Microdomain Localization And Trafficking Of BACE1
Co-Principal InvestigatorsAngèle Parent, PhD The University of Chicago
This proposal investigates BACE1, one of the enzymes critical for the production of Alzheimer's disease amyloid beta production. We are interested in deciphering the molecular principles of BACE1 trafficking in lipid rafts and non-raft domains using biochemical and live cell imaging approaches in order to elucidate the cell biology of BACE1 processing of amyloid precursor protein (APP). Our studies will uncover novel and significant basic insights into cellular processes that modulate amyloid beta production, thus contributing to the development of strategies aimed at reducing amyloid beta burden.
Alzheimer's disease (AD) is the major cause of dementia in the elderly. Toxic amyloid beta peptides accumulate in the brains of individuals with AD. Production and accumulation of amyloid beta are central events in AD pathogenesis.

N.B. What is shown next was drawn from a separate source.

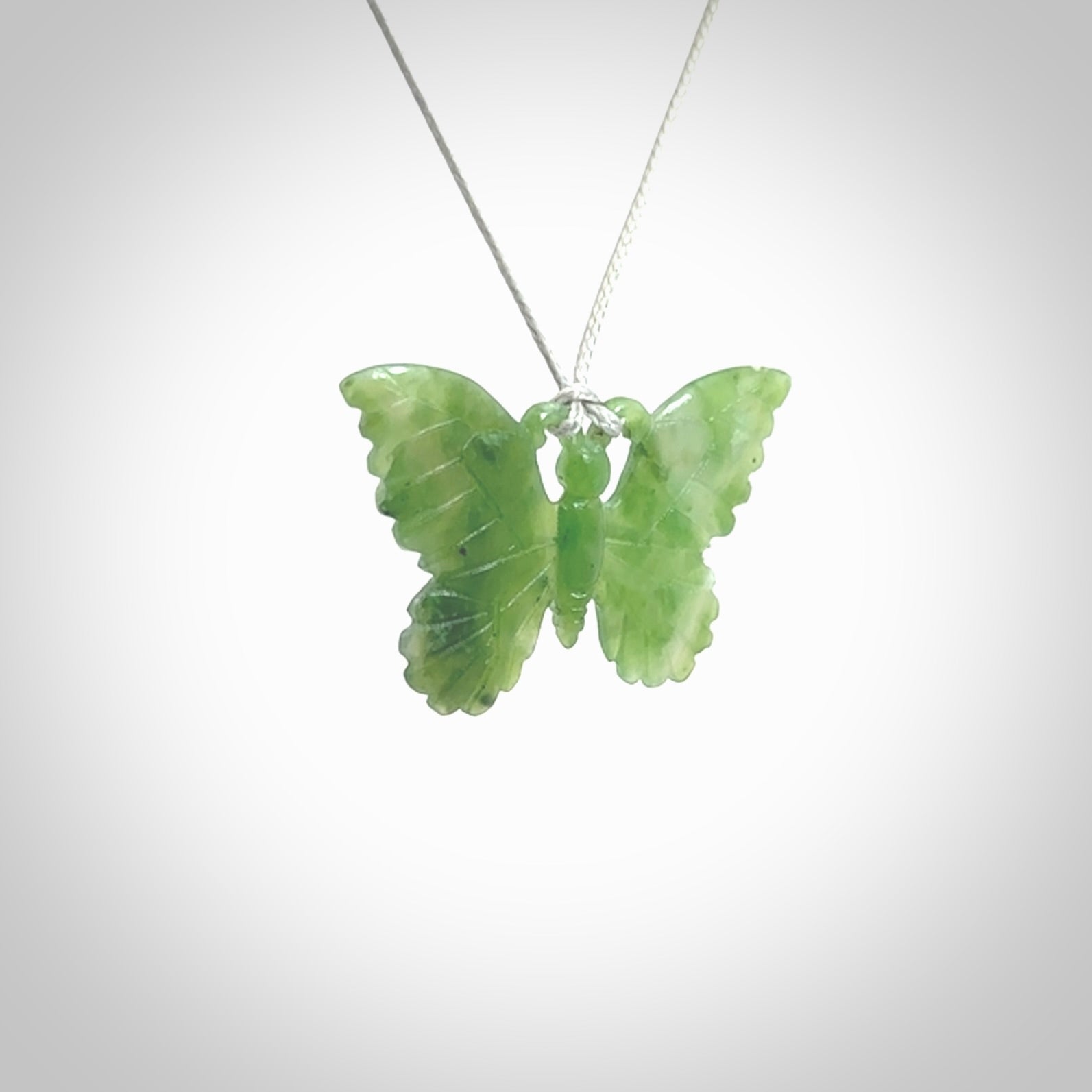 Large Butterfly design pendant carved in nephrite jade. Real jade jewellery for sale online with NZ Pacific. Large butterfly pendant hand made in Jade, provided with adjustable cord and packaged in a woven kete pouch.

Hypothesis and Specific Aims
Our proposal seeks to investigate the regulation of amyloid beta production. Sequential cell division of amyloid precursor protein (APP) by BACE1 and gamma secretase generates amyloid beta peptides. Our investigation focuses on BACE1. We seek to investigate membrane localization and movement of BACE1 in cultured cells and hippocampal neurons. Our first aim is to characterize BACE1 association with specialized cholesterol-rich microdomains of cellular membranes, called lipid rafts, which play important roles in amyloid beta production. Our second aim is to explore the dynamics of BACE1 movement through the cells using live cell imaging strategies.
A better understanding of localization and dynamics of BACE1 movement in cells will shed more light on the mechanisms involved in amyloid beta production. Information stemming from our biochemical, molecular and cellular investigations will contribute to the development of novel and rational strategies for therapeutic intervention for AD aimed at reducing amyloid beta burden.